Neither of our children ever seemed to be afraid of the dark when they were small. Though, like most parents, we spent our fair share of sleepless hours going back and forth between rooms calming restless minds and legs, I don’t remember that darkness was what kept them awake in the night. More often it was an anxiety that had taken up a home in them. Anxiety over something or someone at school. Anxiety over wanting to do well, over fearing that they had not. Anxiety over being unable to fall asleep. These kinds of mind-bending thoughts can fill the darkness of night with a fear that overwhelms but it is not the lack of light that haunts. It is what we imagine will come, might come, may never come with the coming of the morning light.

As I have been sitting with and exploring this dance of darkness and light, I came across this quote of the philosopher and ancient one, Plato. It reminded me of the Marianne Williamson poem in which she writes of how most of us are more frightened of success than of failure. That somehow bringing forth into the world what is most true and light-filled about ourselves and having that embraced is much more fear-producing than falling flat on our faces in front of those we love and those we don’t. I believe both these wise ones speak great truths across centuries.

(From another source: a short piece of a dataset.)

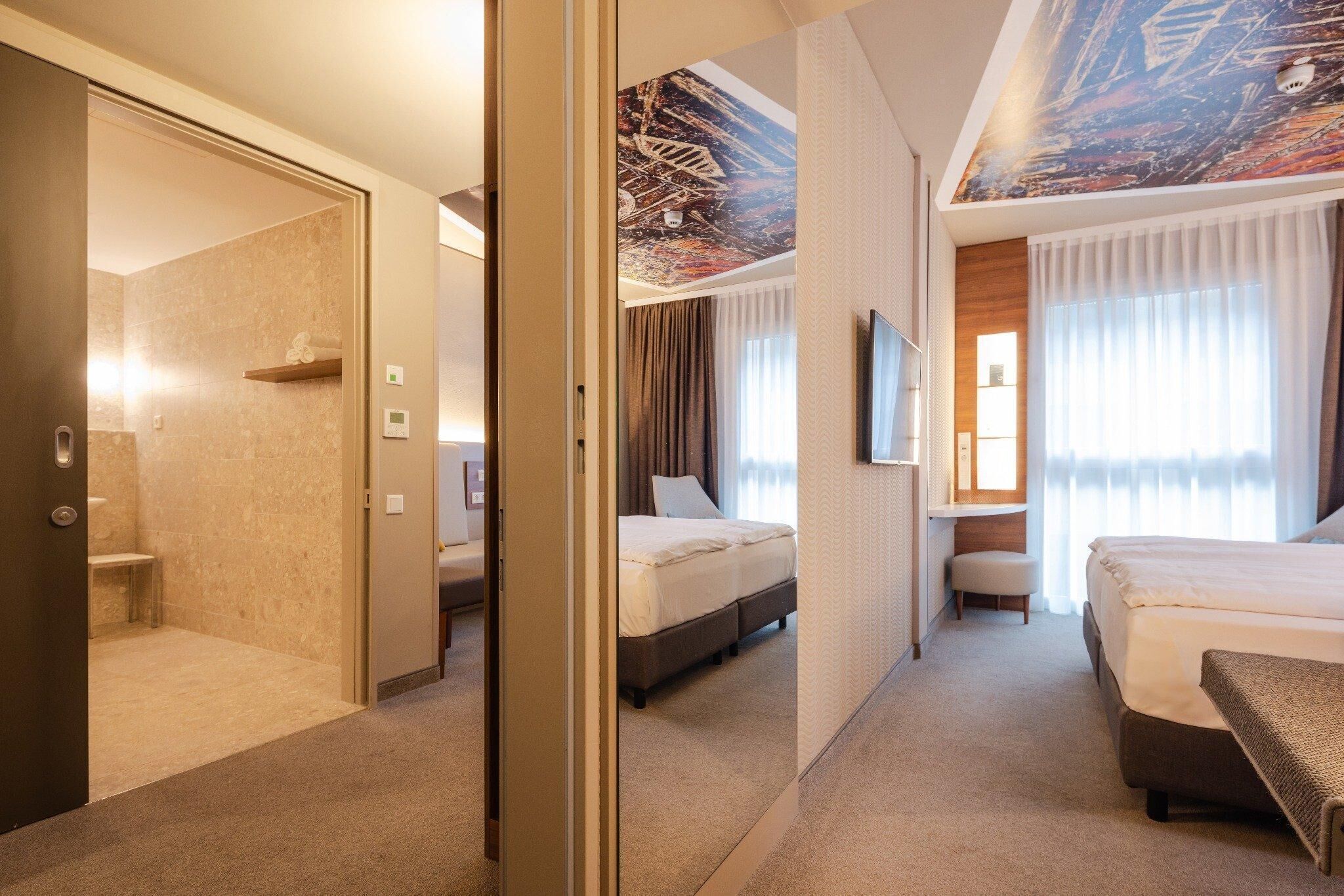 Une chambre d’hôtel avec un grand lit, un bureau, une chaise, un miroir et un espace douche.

Over the last weeks I have been participating in Julia Cameron’s study The Artist’s Way:Creativity as a Spiritual Practice. Much of this amazing process is a path of noticing and recovery of the creative life we once knew as children, the creative life that aligns us with our Creator and invites us to be fully the person we were created to be. In many ways it is an invitation to wrestle with what frightens us in the darkness and to walk fully in the Light. Over the span of these sessions with folks who are also committed to this process of recovering their own light drenched path, I have been blessed to watch ideas flow, minds expand, hearts open and spirits healed. This is Light.

As I have been tying together the threads of this quilt of light and darkness that is our gift in Advent, I have been thinking over and over of the words of the adult Jesus as recorded in the Gospel of Thomas: “If you bring forth what is within you, what you bring forth will save you. If you do not bring forth what is within you, what you do not bring forth will destroy you.” 

As human beings we are constantly doing a dance with darkness and light. The fear that is born of our darkness can confront us and call to the deepest part of who we are. So, too, the light calls to us, urging us to the fullness of what it means to be created in the Image of the One who breathed life into us, the One who lures us to reflect goodness and holiness into the world.

How are you making your way around the dance floor with darkness and light these Advent days? What fears do you hold for the night and the day? What lies within you waiting to be brought forth, waiting to be born, waiting to save you? 

Blessings on your nighttime. Blessing on the light that illumines your days.